I kept saying that I wanted to give Bret time to make sure he REALLY loved Dublin enough to stay before I uprooted my whole life – which is true – but at some point I accepted that even with his glowing endorsement of Dublin (“the work culture is so much more laid back!” “Everyone is happier here!”), I was never going to feel ready to make this move. I was never going to reach a point where I wanted to leave Winston. And so, I did the uncomfortable thing. I booked the ticket. (Actually, I handed Bret my credit card and he booked my ticket – I really couldn’t bring myself to do it haha.)
I felt like I was going to throw up when my friends drove me to the airport, but I got on the plane. And after some painful weeks of packing up our entire apartment and saying goodbye to my bed and my couch and my desk and other material things I was way too attached to, I was ready to completely zone out from exhaustion on that flight. I did, but only after having a sweet conversation with a single woman in her 60’s who moved from England to New Jersey when she was 30. It was reaffirming, to hear how her experience was challenging but worth it.
And now I’m here! It sort of feels like a dream. I’m excited to reinvent our routines and grow in ways I wouldn’t otherwise, but (as I’ve mentioned several times now) I’m legitimately heartbroken to be leaving my Winston community behind. I never want to make decisions out of fear, but after some pretty painful and turbulent years I finally felt comfy and settled and the idea of changing EVERYTHING feels overwhelming. It means it’s going to be a while before I feel settled here, and that’s hard. But sometimes being uncomfortable is the only way to grow. As my therapist said, it’s going to be devastating, but it’s going to be worth it.
So, I’m settling in. I’m teleworking for DC during the day (for now) and daydreaming about what my Dublin life will look like in a few months.

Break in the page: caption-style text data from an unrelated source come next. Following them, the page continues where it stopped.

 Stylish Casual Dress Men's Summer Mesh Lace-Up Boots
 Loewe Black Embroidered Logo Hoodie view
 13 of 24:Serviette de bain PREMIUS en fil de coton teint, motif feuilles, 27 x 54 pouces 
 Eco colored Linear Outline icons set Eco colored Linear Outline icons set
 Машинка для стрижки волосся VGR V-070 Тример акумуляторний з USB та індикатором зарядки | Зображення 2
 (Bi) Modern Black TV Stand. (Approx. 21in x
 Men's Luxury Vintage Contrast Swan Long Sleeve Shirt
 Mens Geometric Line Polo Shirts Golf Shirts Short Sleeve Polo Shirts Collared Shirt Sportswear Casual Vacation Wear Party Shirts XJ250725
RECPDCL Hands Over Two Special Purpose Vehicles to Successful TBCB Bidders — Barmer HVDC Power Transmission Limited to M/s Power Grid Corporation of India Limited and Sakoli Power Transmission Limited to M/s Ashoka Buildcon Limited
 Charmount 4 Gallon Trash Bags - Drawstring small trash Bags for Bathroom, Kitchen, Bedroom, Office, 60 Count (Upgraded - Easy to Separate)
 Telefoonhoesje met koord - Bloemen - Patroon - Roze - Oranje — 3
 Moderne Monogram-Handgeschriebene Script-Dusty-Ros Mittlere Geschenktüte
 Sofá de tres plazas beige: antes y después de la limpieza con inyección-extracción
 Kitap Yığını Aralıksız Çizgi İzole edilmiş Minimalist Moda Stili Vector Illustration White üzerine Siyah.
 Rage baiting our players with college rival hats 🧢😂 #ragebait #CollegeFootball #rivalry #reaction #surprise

The biggest thing I’m looking forward to is slowing down. My hope is that I find some non-profit work that I love, but not right away. I’m going to take a ‘sabbatical’ to write in Irish cafes and build my weight lifting routine and continue to work on my own healing and growth before I add too many new stressors. I’m going to find a new therapist and a new gym. I’m going to do yoga, like, every day. I’m going to bake bread and cook good food and spend a lot of time reading on my new balcony. I’m going to explore my new city in a very slow-paced kind of way. It will be the total opposite of the DC work culture I’m used to. I’m calling 2020 “The Year of the Sloth” and I can’t wait to see what it actually feels like to take a break and LIVE that way. I know it’s a huge gift to have this option and I don’t want to waste it.
Some days I feel really grateful and excited about it all. Other days I’m scared to be giving up my work identity. Every day I’m heartbroken over leaving my friends and I’m afraid of feeling that Boone-level isolation again. Because I’ve made several moves as an adult (Harrisonburg –> DC –> Florida –> Boone –> Winston-Salem), I know it takes time to connect with new people and find new routines. Winston was the exception so I’m keeping my expectations low for the first few months.
All in all, I think this kind of change will be good for my mind, body and soul. I am giving this place a chance. And I hope I love it here. But if a year or two goes by and I don’t feel those things, I’ll leave because everything is optional and everything is temporary.